They sure could, but is it worthy to maintain an alternative package and deployment system for which you have no use yourself? Will employees be careful and committed to something useless for their jobs?
They previously deprecated Java runtime for similar reasons. And I can’t really blame them, roadmap is crystal clear now, they prefer to assign ressources to develop Swift/Swift UI and improve tooling for native code development.
I agree overall, but I do think it's a little sad that you can no longer open a Terminal and start writing Python. I think this legitimately matters in terms of increasing overall tech and programming literacy.
Mind, there's still a command line and shell built-in, which I consider far more important.
Its not like the rest of the terminal is friendly to newbies.
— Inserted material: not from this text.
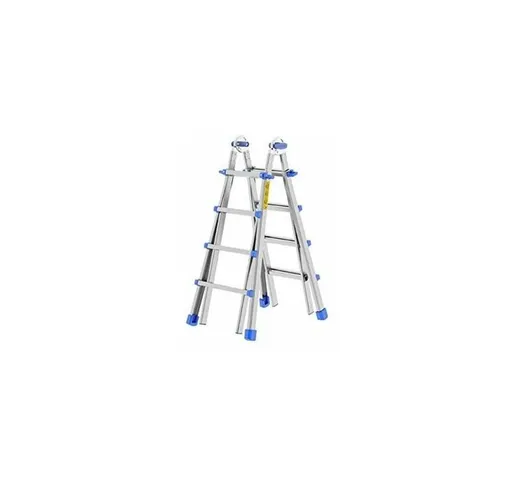 Scala EIFFEL 4+4 In Alluminio Altezza Massima 3,7 M Gradini Zigrinati Piedini Antisdruccio...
An online ‘jsfiddle’ like environment suitable for newbies (with a bit of inline syntax hints without turning into a full IDE) would be more useful to get people to start playing with programming
Separately from including python, I've always thought it would be nice if TextEdit had some built-in syntax highlighting, that activated automatically for the right file extensions.
I'm generally against bloating simple apps, but you'd never see this unless you opened a .py file (or .sh, .rb, etc), and if you open a .py file, you probably want syntax highlighting.
Gee, thanks. My point was about discoverability and being able to Google for "read csv with Python", not whether experienced programmers can hack things together.